MATERIAL SUPPLIED START
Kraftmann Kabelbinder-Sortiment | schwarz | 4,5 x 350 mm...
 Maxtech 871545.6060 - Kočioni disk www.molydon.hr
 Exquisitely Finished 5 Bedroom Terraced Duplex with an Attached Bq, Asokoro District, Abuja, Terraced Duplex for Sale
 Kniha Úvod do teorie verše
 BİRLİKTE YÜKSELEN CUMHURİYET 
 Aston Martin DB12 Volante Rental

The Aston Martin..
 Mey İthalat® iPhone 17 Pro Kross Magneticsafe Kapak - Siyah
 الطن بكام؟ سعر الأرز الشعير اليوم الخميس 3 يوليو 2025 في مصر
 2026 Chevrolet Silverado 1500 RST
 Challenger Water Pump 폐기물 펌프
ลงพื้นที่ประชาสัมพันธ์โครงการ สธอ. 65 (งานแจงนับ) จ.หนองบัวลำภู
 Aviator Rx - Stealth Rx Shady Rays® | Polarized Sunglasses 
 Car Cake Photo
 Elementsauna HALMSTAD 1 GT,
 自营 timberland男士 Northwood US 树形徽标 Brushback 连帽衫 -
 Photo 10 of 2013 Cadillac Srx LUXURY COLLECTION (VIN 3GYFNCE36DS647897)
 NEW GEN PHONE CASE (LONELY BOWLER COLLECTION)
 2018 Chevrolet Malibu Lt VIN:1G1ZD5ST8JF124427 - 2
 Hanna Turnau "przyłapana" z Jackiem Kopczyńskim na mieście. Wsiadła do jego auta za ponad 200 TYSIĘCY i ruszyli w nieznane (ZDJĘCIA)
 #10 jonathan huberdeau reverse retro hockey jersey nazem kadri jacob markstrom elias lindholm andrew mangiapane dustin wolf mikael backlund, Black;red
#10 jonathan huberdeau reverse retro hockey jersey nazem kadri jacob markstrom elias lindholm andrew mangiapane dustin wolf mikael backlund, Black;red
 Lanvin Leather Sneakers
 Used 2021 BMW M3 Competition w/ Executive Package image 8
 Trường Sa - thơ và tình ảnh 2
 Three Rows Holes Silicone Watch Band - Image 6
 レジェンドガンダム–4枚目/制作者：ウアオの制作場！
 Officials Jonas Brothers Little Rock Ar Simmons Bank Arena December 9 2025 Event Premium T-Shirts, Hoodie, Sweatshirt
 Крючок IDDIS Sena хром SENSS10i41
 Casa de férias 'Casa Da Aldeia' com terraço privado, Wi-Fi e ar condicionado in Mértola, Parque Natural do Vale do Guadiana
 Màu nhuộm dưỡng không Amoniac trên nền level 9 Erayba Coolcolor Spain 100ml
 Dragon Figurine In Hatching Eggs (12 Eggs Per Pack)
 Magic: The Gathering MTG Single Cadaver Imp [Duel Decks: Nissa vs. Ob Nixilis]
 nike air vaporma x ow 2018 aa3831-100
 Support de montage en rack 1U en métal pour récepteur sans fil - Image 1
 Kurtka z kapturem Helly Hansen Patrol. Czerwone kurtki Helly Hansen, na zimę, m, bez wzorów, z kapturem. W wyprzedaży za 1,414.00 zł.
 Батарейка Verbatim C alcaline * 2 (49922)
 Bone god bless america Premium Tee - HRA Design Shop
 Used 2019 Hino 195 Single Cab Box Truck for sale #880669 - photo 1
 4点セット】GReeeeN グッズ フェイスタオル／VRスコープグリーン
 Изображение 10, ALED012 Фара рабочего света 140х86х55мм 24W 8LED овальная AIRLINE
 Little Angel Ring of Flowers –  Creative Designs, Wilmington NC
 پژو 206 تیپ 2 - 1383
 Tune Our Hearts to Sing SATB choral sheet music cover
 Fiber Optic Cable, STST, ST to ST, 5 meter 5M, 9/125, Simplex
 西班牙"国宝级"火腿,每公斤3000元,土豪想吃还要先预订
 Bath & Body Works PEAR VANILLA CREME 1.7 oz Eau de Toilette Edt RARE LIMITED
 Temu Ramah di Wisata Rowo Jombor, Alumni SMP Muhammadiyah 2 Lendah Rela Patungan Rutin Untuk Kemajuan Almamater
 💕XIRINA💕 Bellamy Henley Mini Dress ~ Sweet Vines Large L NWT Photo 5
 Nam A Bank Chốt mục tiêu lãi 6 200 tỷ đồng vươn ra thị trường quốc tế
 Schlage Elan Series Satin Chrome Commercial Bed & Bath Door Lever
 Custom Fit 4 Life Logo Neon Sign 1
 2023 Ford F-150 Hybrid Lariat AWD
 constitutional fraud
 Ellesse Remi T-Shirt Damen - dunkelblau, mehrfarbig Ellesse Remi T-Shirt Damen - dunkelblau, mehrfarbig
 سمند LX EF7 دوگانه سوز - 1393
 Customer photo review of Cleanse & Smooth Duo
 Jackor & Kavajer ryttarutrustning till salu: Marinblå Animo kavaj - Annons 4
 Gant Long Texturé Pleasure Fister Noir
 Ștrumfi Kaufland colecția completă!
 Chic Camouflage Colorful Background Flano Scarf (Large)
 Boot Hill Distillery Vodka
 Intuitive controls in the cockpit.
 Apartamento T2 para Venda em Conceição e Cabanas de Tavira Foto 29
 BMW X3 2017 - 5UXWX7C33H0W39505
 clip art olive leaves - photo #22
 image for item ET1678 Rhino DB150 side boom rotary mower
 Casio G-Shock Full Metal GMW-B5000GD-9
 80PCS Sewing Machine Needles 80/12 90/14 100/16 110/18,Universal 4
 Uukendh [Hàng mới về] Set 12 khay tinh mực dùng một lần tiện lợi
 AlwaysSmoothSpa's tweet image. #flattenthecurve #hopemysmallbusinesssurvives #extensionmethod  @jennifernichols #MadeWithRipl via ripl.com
MATERIAL SUPPLIED END
- PROBLEM TO WORK ON:
All of the entries above need to be reproduced verbatim.

- EXERCISE RESULT:
Kraftmann Kabelbinder-Sortiment | schwarz | 4,5 x 350 mm...
 Maxtech 871545.6060 - Kočioni disk www.molydon.hr
 Exquisitely Finished 5 Bedroom Terraced Duplex with an Attached Bq, Asokoro District, Abuja, Terraced Duplex for Sale
 Kniha Úvod do teorie verše
 BİRLİKTE YÜKSELEN CUMHURİYET 
 Aston Martin DB12 Volante Rental

The Aston Martin..
 Mey İthalat® iPhone 17 Pro Kross Magneticsafe Kapak - Siyah
 الطن بكام؟ سعر الأرز الشعير اليوم الخميس 3 يوليو 2025 في مصر
 2026 Chevrolet Silverado 1500 RST
 Challenger Water Pump 폐기물 펌프
ลงพื้นที่ประชาสัมพันธ์โครงการ สธอ. 65 (งานแจงนับ) จ.หนองบัวลำภู
 Aviator Rx - Stealth Rx Shady Rays® | Polarized Sunglasses 
 Car Cake Photo
 Elementsauna HALMSTAD 1 GT,
 自营 timberland男士 Northwood US 树形徽标 Brushback 连帽衫 -
 Photo 10 of 2013 Cadillac Srx LUXURY COLLECTION (VIN 3GYFNCE36DS647897)
 NEW GEN PHONE CASE (LONELY BOWLER COLLECTION)
 2018 Chevrolet Malibu Lt VIN:1G1ZD5ST8JF124427 - 2
 Hanna Turnau "przyłapana" z Jackiem Kopczyńskim na mieście. Wsiadła do jego auta za ponad 200 TYSIĘCY i ruszyli w nieznane (ZDJĘCIA)
 #10 jonathan huberdeau reverse retro hockey jersey nazem kadri jacob markstrom elias lindholm andrew mangiapane dustin wolf mikael backlund, Black;red
#10 jonathan huberdeau reverse retro hockey jersey nazem kadri jacob markstrom elias lindholm andrew mangiapane dustin wolf mikael backlund, Black;red
 Lanvin Leather Sneakers
 Used 2021 BMW M3 Competition w/ Executive Package image 8
 Trường Sa - thơ và tình ảnh 2
 Three Rows Holes Silicone Watch Band - Image 6
 レジェンドガンダム–4枚目/制作者：ウアオの制作場！
 Officials Jonas Brothers Little Rock Ar Simmons Bank Arena December 9 2025 Event Premium T-Shirts, Hoodie, Sweatshirt
 Крючок IDDIS Sena хром SENSS10i41
 Casa de férias 'Casa Da Aldeia' com terraço privado, Wi-Fi e ar condicionado in Mértola, Parque Natural do Vale do Guadiana
 Màu nhuộm dưỡng không Amoniac trên nền level 9 Erayba Coolcolor Spain 100ml
 Dragon Figurine In Hatching Eggs (12 Eggs Per Pack)
 Magic: The Gathering MTG Single Cadaver Imp [Duel Decks: Nissa vs. Ob Nixilis]
 nike air vaporma x ow 2018 aa3831-100
 Support de montage en rack 1U en métal pour récepteur sans fil - Image 1
 Kurtka z kapturem Helly Hansen Patrol. Czerwone kurtki Helly Hansen, na zimę, m, bez wzorów, z kapturem. W wyprzedaży za 1,414.00 zł.
 Батарейка Verbatim C alcaline * 2 (49922)
 Bone god bless america Premium Tee - HRA Design Shop
 Used 2019 Hino 195 Single Cab Box Truck for sale #880669 - photo 1
 4点セット】GReeeeN グッズ フェイスタオル／VRスコープグリーン
 Изображение 10, ALED012 Фара рабочего света 140х86х55мм 24W 8LED овальная AIRLINE
 Little Angel Ring of Flowers –  Creative Designs, Wilmington NC
 پژو 206 تیپ 2 - 1383
 Tune Our Hearts to Sing SATB choral sheet music cover
 Fiber Optic Cable, STST, ST to ST, 5 meter 5M, 9/125, Simplex
 西班牙"国宝级"火腿,每公斤3000元,土豪想吃还要先预订
 Bath & Body Works PEAR VANILLA CREME 1.7 oz Eau de Toilette Edt RARE LIMITED
 Temu Ramah di Wisata Rowo Jombor, Alumni SMP Muhammadiyah 2 Lendah Rela Patungan Rutin Untuk Kemajuan Almamater
 💕XIRINA💕 Bellamy Henley Mini Dress ~ Sweet Vines Large L NWT Photo 5
 Nam A Bank Chốt mục tiêu lãi 6 200 tỷ đồng vươn ra thị trường quốc tế
 Schlage Elan Series Satin Chrome Commercial Bed & Bath Door Lever
 Custom Fit 4 Life Logo Neon Sign 1
 2023 Ford F-150 Hybrid Lariat AWD
 constitutional fraud
 Ellesse Remi T-Shirt Damen - dunkelblau, mehrfarbig Ellesse Remi T-Shirt Damen - dunkelblau, mehrfarbig
 سمند LX EF7 دوگانه سوز - 1393
 Customer photo review of Cleanse & Smooth Duo
 Jackor & Kavajer ryttarutrustning till salu: Marinblå Animo kavaj - Annons 4
 Gant Long Texturé Pleasure Fister Noir
 Ștrumfi Kaufland colecția completă!
 Chic Camouflage Colorful Background Flano Scarf (Large)
 Boot Hill Distillery Vodka
 Intuitive controls in the cockpit.
 Apartamento T2 para Venda em Conceição e Cabanas de Tavira Foto 29
 BMW X3 2017 - 5UXWX7C33H0W39505
 clip art olive leaves - photo #22
 image for item ET1678 Rhino DB150 side boom rotary mower
 Casio G-Shock Full Metal GMW-B5000GD-9
 80PCS Sewing Machine Needles 80/12 90/14 100/16 110/18,Universal 4
 Uukendh [Hàng mới về] Set 12 khay tinh mực dùng một lần tiện lợi
 AlwaysSmoothSpa's tweet image. #flattenthecurve #hopemysmallbusinesssurvives #extensionmethod  @jennifernichols #MadeWithRipl via ripl.com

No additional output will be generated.